What to work on ::
Beneath this instruction is a block of data; output from it exactly the lines that run from the one containing "Au Tapis De" through the one containing "Dicle&rsquo;de 436 &ccedil;ocuğa", inclusive.

Short text fragments from websites:
──────────

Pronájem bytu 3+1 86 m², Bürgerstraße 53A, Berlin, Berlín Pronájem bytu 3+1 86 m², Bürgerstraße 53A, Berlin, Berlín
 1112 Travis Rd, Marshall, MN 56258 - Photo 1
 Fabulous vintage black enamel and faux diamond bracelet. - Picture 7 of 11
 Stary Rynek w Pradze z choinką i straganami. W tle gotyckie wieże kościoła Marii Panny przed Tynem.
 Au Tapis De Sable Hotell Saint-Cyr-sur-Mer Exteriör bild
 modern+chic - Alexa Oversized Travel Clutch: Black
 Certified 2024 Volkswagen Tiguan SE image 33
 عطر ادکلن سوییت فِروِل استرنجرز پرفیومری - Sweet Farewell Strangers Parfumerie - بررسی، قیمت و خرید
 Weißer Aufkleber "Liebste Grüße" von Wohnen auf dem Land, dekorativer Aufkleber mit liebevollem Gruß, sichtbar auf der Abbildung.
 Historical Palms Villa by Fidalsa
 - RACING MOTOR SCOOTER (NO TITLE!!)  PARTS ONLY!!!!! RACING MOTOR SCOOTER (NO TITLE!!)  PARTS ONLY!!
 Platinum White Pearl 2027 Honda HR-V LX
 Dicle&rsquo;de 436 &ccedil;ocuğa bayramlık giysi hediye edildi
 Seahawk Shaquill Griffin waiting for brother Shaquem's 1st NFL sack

──────────

Output below ::
 Au Tapis De Sable Hotell Saint-Cyr-sur-Mer Exteriör bild
 modern+chic - Alexa Oversized Travel Clutch: Black
 Certified 2024 Volkswagen Tiguan SE image 33
 عطر ادکلن سوییت فِروِل استرنجرز پرفیومری - Sweet Farewell Strangers Parfumerie - بررسی، قیمت و خرید
 Weißer Aufkleber "Liebste Grüße" von Wohnen auf dem Land, dekorativer Aufkleber mit liebevollem Gruß, sichtbar auf der Abbildung.
 Historical Palms Villa by Fidalsa
 - RACING MOTOR SCOOTER (NO TITLE!!)  PARTS ONLY!!!!! RACING MOTOR SCOOTER (NO TITLE!!)  PARTS ONLY!!
 Platinum White Pearl 2027 Honda HR-V LX
 Dicle&rsquo;de 436 &ccedil;ocuğa bayramlık giysi hediye edildi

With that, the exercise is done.